(Beginning of DATA TO PROCESS)

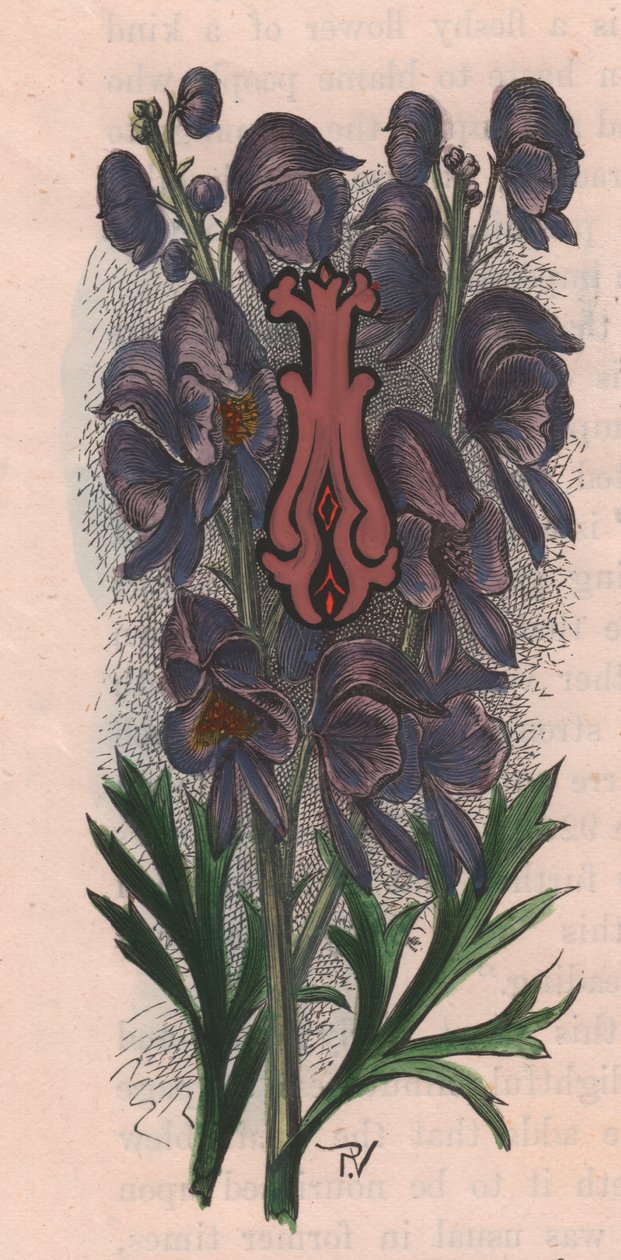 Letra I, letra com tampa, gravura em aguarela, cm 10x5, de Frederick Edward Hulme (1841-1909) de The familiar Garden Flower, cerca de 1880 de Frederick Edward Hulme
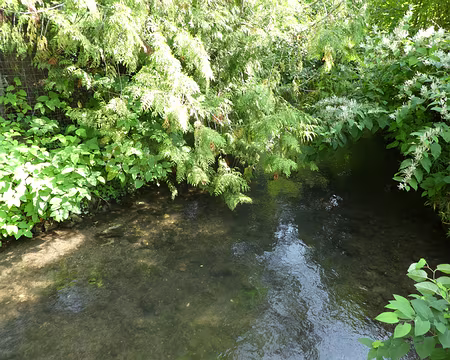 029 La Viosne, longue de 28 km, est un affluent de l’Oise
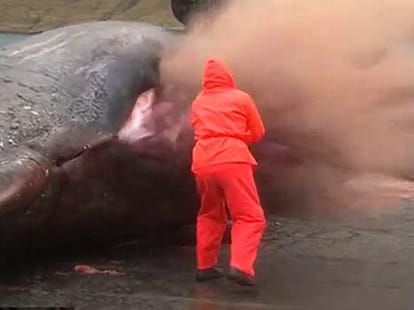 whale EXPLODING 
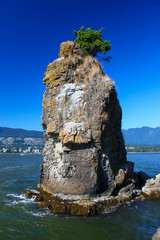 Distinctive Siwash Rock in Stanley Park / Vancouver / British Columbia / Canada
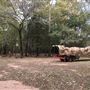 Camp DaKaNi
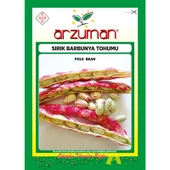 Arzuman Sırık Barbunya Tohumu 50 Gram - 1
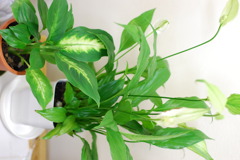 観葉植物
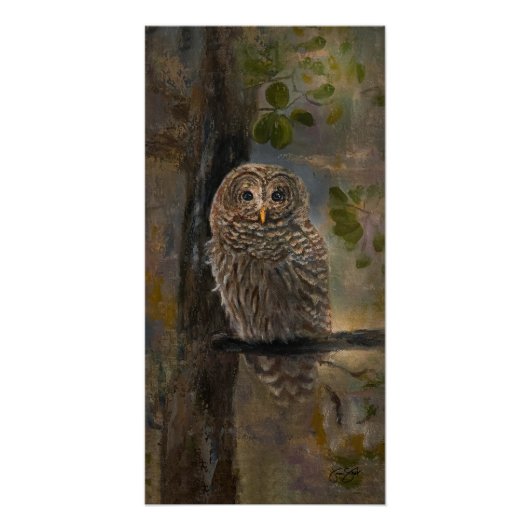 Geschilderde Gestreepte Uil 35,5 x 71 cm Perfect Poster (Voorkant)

(End of DATA TO PROCESS)

ABOUT THIS EXERCISE: If pictures appear, drop them, and retype exactly the lines from the "029 La Viosne, longue" line through the last line of the data above.

TASK RESPONSE:
 029 La Viosne, longue de 28 km, est un affluent de l’Oise
 whale EXPLODING 
 Distinctive Siwash Rock in Stanley Park / Vancouver / British Columbia / Canada
 Camp DaKaNi
 Arzuman Sırık Barbunya Tohumu 50 Gram - 1
 観葉植物
 Geschilderde Gestreepte Uil 35,5 x 71 cm Perfect Poster (Voorkant)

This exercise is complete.